En el mundo al revés de la crisis hondureña la dura condena de Estados Unidos es contra el gobierno de facto, luego de que el canciller Enrique Ortez llamara negrito a Barack Obama. Hugo Llorens, embajador de Estados Unidos, es visto con recelo por los zelayistas, aunque éstos aseguran que los golpistas lo engañaron hasta el último minuto haciéndole creer que no habría golpe. Lo hicieron quedar como estúpido ante sus jefes de Washington, dice un colaborador del presidente Zelaya.

Llorens tuvo hoy una pequeña revancha en un comunicado: Expreso mi profunda indignación en relación con los desafortunados comentarios irrespetuosos y racialmente insensibles del señor Enrique Ortez Colindres sobre el presidente Barack Obama. Dichos comentarios son profundamente indignantes para el pueblo estadunidense.

La respuesta del embajador, sin embargo, es lo de menos, luego de que Obama dijera en Moscú que apoya el retorno de Zelaya, aun cuando se haya opuesto con fuerza a políticas estadunidenses.

Por la noche, el Frente de Resistencia contra el golpe de Estado discutía los siguientes pasos, así como el nombramiento de sus representantes que viajarán a Costa Rica. No vamos allá a hablar de otra negociación que no sea el retorno al orden constitucional, adelantaba Rafael Alegría, uno de los principales líderes de la resistencia.

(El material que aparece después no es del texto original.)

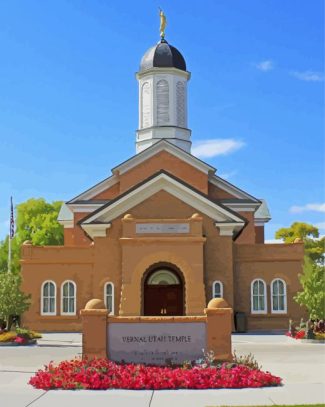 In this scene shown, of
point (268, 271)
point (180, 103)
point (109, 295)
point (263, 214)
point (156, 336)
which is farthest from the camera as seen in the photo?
point (263, 214)

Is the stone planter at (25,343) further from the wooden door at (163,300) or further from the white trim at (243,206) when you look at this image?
the white trim at (243,206)

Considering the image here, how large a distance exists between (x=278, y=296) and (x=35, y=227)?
4463 centimetres

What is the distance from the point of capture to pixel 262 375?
562 inches

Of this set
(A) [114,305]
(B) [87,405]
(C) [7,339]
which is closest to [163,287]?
(A) [114,305]

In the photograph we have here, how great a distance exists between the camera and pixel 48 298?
34031 mm

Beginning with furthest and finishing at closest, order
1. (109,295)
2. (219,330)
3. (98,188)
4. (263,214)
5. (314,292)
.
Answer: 1. (263,214)
2. (98,188)
3. (109,295)
4. (314,292)
5. (219,330)

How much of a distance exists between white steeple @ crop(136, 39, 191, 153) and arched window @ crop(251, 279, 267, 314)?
1101 cm

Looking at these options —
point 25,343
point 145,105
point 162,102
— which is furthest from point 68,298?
point 162,102

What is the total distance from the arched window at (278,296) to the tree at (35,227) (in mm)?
41478

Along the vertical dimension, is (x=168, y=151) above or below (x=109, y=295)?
above

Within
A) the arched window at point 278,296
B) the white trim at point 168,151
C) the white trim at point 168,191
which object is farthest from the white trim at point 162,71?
the arched window at point 278,296

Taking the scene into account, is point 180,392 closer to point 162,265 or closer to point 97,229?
point 162,265

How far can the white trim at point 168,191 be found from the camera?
3222 cm

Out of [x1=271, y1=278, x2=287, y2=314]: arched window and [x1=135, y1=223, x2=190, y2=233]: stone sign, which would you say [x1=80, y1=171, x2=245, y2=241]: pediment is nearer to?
[x1=135, y1=223, x2=190, y2=233]: stone sign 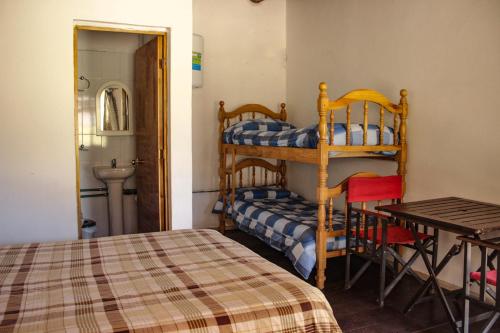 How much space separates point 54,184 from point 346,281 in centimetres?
245

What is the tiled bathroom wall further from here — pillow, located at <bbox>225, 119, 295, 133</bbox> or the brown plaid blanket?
the brown plaid blanket

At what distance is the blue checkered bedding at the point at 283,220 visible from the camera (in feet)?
12.2

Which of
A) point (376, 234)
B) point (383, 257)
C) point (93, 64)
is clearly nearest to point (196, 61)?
point (93, 64)

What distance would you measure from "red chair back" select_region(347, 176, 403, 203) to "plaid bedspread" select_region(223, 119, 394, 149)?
0.32m

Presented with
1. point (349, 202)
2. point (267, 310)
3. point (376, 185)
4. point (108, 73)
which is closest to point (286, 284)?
point (267, 310)

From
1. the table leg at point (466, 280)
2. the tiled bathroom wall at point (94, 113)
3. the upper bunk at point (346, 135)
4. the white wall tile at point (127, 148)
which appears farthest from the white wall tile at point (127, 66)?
the table leg at point (466, 280)

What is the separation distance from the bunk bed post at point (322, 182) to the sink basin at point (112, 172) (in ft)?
7.74

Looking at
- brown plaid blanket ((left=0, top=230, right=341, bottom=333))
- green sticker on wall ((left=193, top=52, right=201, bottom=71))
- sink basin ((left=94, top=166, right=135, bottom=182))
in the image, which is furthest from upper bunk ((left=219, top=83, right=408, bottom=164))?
brown plaid blanket ((left=0, top=230, right=341, bottom=333))

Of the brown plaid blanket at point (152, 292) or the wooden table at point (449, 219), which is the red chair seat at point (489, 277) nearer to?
the wooden table at point (449, 219)

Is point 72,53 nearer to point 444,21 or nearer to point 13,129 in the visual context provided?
point 13,129

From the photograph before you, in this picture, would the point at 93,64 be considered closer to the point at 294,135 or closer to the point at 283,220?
the point at 294,135

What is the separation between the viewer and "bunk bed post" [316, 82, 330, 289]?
3.52m

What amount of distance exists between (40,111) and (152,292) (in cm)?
238

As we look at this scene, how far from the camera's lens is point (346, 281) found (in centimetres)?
365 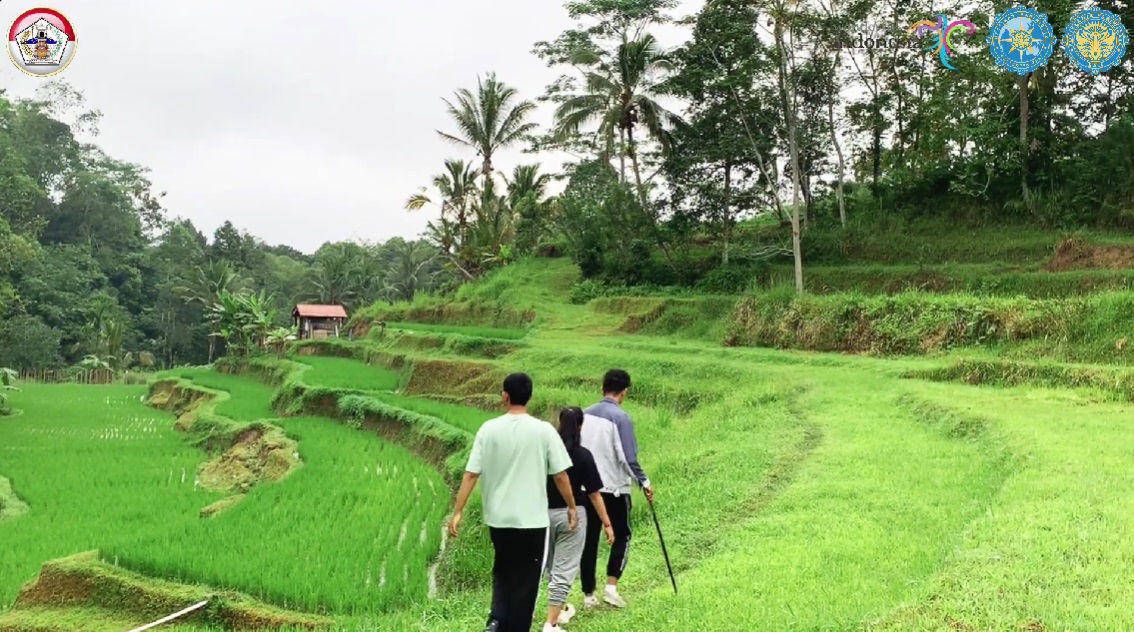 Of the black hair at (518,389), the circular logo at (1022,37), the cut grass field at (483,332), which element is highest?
the circular logo at (1022,37)

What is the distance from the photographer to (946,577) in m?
3.76

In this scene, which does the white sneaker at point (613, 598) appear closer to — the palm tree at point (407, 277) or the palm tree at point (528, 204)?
the palm tree at point (528, 204)

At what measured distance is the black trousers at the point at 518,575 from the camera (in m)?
3.89

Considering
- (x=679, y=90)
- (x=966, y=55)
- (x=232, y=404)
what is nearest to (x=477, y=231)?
(x=679, y=90)

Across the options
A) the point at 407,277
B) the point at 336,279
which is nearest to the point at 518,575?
the point at 336,279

Por el lado del gobierno de facto se hablaba de una delegación integrada por empresarios, representantes de los partidos políticos y de la sociedad civil.

Todo en una jornada que había comenzado por una posibilidad deslizada por el vocero de la Corte Suprema de Justicia, la misma en cuyas decisiones está fundamentado legalmente el golpe: la de que el Congreso concediera amnistía al presidente Zelaya para que éste pudiese volver al país. ¿Amnistía? Será para los golpistas, replica el diputado Marvin Ponce, del Partido Unificación Democrática.

Para no variar, como desde el día del golpe militar, Micheletti se queja de que el mundo no ha escuchado la versión de Honduras, sino únicamente la de los países del sur, en referencia a los miembros de la Alternativa Bolivariana de las Américas.

Pero tras el mensaje de Obama en Moscú y la reunión de Zelaya en Washington, un locutor de Radio Globo resume cómo se lee la jornada en estas tierras: Mel creía que podría tener su salida en el sur, y la está encontrando en el norte.

Las posturas irreconciliables se enfrentan este jueves al plan que Arias ha anticipado a partir de que Zelaya, Micheletti y los acompañantes de ambos entren a su casa: No dejarlos salir de aquí hasta que haya un acuerdo.